Monday, December 31, 2007

Stages of Faith

"What stages has your faith gone through?"


I had faith from even before my birth in Christ. I always knew somehow that someone was watching out for me for some reason. I couldn't really put my finger on God for that, because I didn't really know Him. As a result, I flitted about from false religion to false religion to no religion at all for a large portion of my life. But this doesn't mean I had no faith. It was merely misplaced faith.

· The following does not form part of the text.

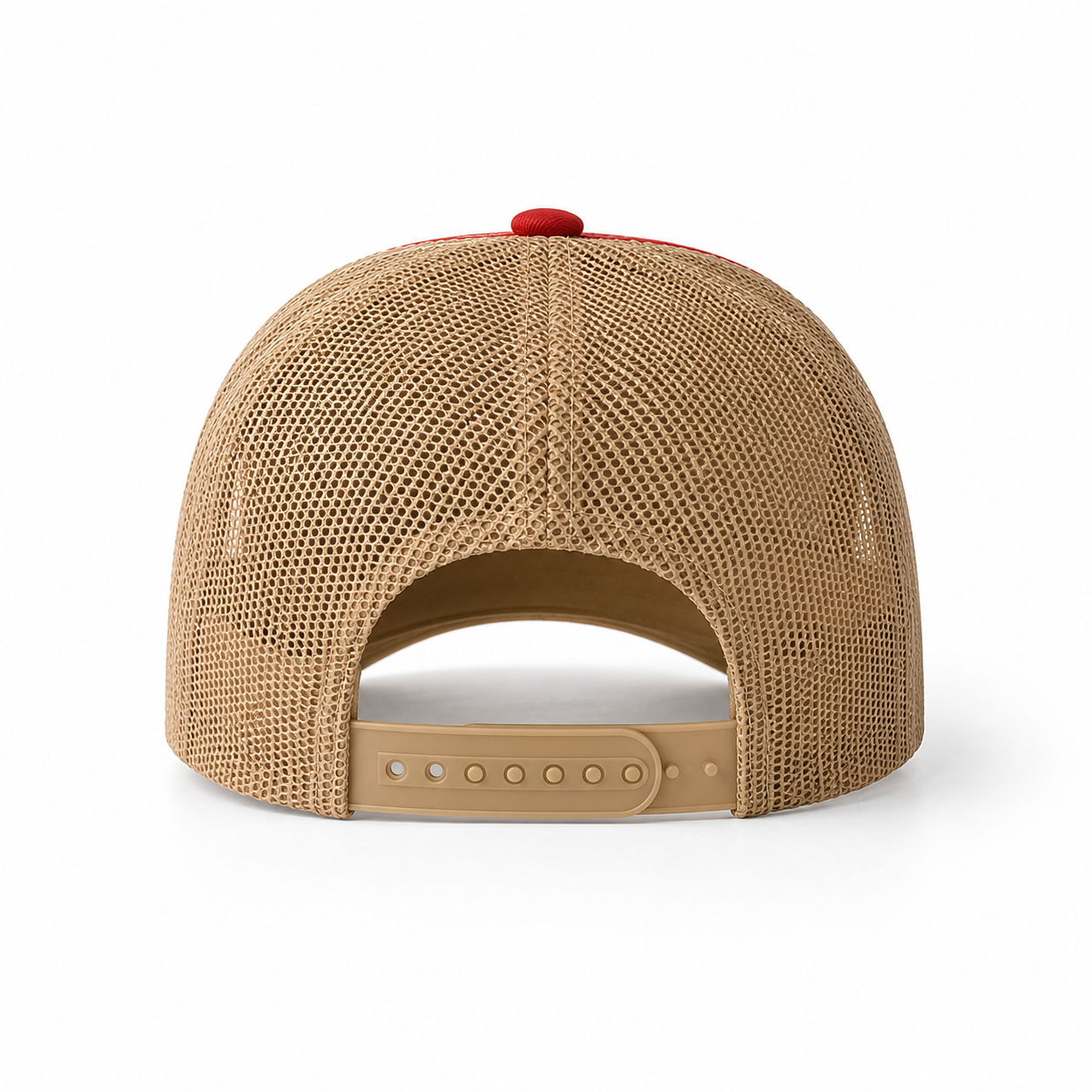 Red-Khaki — back view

At one point, I was involved in the New Age movement. You know, "I am that I Am," and all of that. I was getting into the candles and the crystals, thinking that I could channel the power inherent in them to bring my life under my control. You can't, you know. I don't know of anyone who has gone that route who has been able to get their life under their control by sheer force of will. Since we're all unfinished business, we usually end up fouling up what we have control over. Or, at least, what we think we have control over.


The next stage of my faith was my attempt at following Christ while mired in denominations. I was still in the Marines at that time, and on my dog tags under religious preference I had entered "Christian." I knew denominationalism is wrong, but I couldn't quantify it. Just as importantly, I didn't know how to find other people who believed the same way to worship with. So I prayed about it.


As I wrote earlier, I met Tommy Thompson at a swimming pool party in Santa Cruz, CA back in 1989. It was Tommy who taught me about the Lord's church, about denominationalism and about baptism. He baptized me and helped me further both my knowledge and my faith.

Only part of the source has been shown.